NON-DIMENSIONAL DATA-DRIVEN MODELS OF COMPUTATIONAL FLUID DYNAMICS (CFD) OF MULTI-PHASE FLOW IN ANNULUS

In the offshore drilling process of an oil and gas well, the blowout preventer (BOP) serves as a critical safety device to monitor and control wells to prevent blowouts. However, it is usually subject to the high-temperature and high-pressure (HTHP) conditions. These extreme working conditions challenge the BOP’s robustness and threaten its liability. For example, the cavitation damage the elastomer sealing surface and lead to BOP malfunction or failure.

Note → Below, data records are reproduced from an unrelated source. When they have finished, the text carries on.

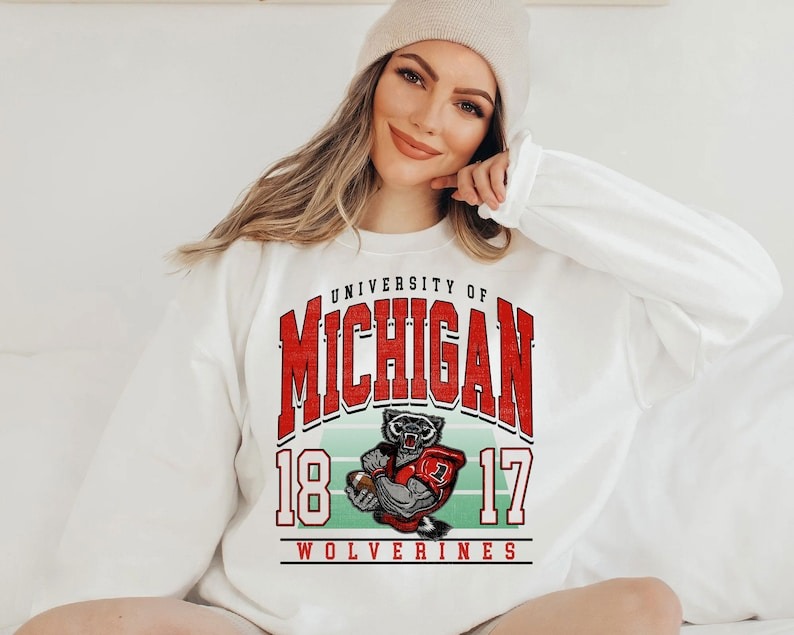 Vintage 90 Michigan Football EST 1817 Unisex SweatShirt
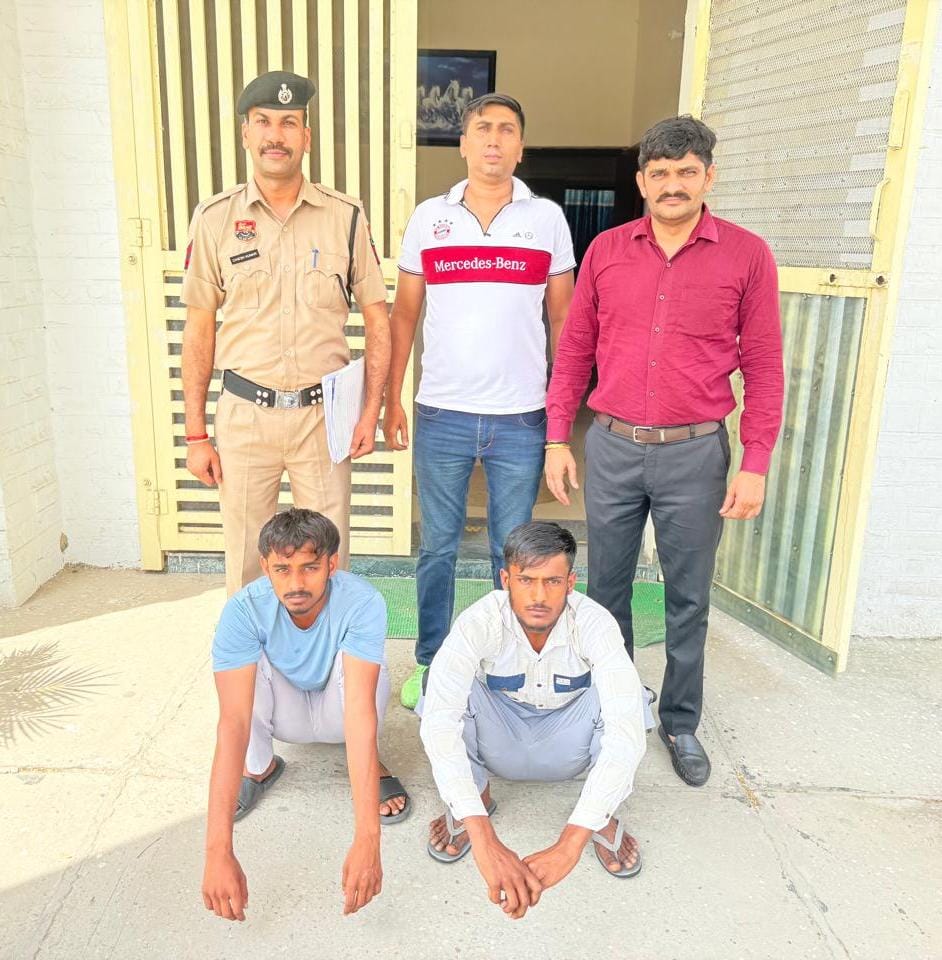 पानीपत पुलिस की हिरासत में मोबाइल स्नैचर पानीपत पुलिस की हिरासत में मोबाइल स्नैचर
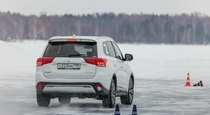 Тест драйв Mitsubishi Outlander GT  ввинчиваемся в поворот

To understand the flow characteristics under extreme working conditions and ultimately enable the estimation of the BOP lifetime, experimental approaches and multi-physics numerical simulations can be employed. However, the full-scale experiments are very costly, and the coupled full-scale simulations are time-consuming. To overcome these challenges, a scalable model is required to connect the cavitation criterion, pressure conditions, and geometric parameters of the BOP sealing. In the present work, the BOP sealing was simplified as a converging-diverging annulus. Various annulus geometries necessary to quantify annulus flow were identified and investigated using computational fluid dynamics (CFD) tools. Based on the simulation results, the criterion of thin or thick annulus was established. In addition, two non-dimensional data-driven models were developed to describe the cavitation conditions in terms of downstream/upstream pressure ratio and non-dimensional geometric parameters. The first model evaluated the critical downstream/upstream pressure ratio to cause cavitation, and the corresponding discharge coefficient of the annulus system under two-phase (liquid, vapor) flow condition. The second model extended to the three-phase (liquid, vapor, air) situation, closer to the actual offshore BOP working conditions. Using the obtained non-dimensional models, the annulus flow rate of either two-phase or three-phase flow can be estimated under both choked and unchoked flow conditions across multi-scales. The study results can provide numerical guidance for small-scale annulus flow experiments, build connections between small-scale experiment results and full-scale applications, and ultimately enhance future governing standards to evaluate flows in blowout preventer (BOP) and its potential failure in the oil and gas industry.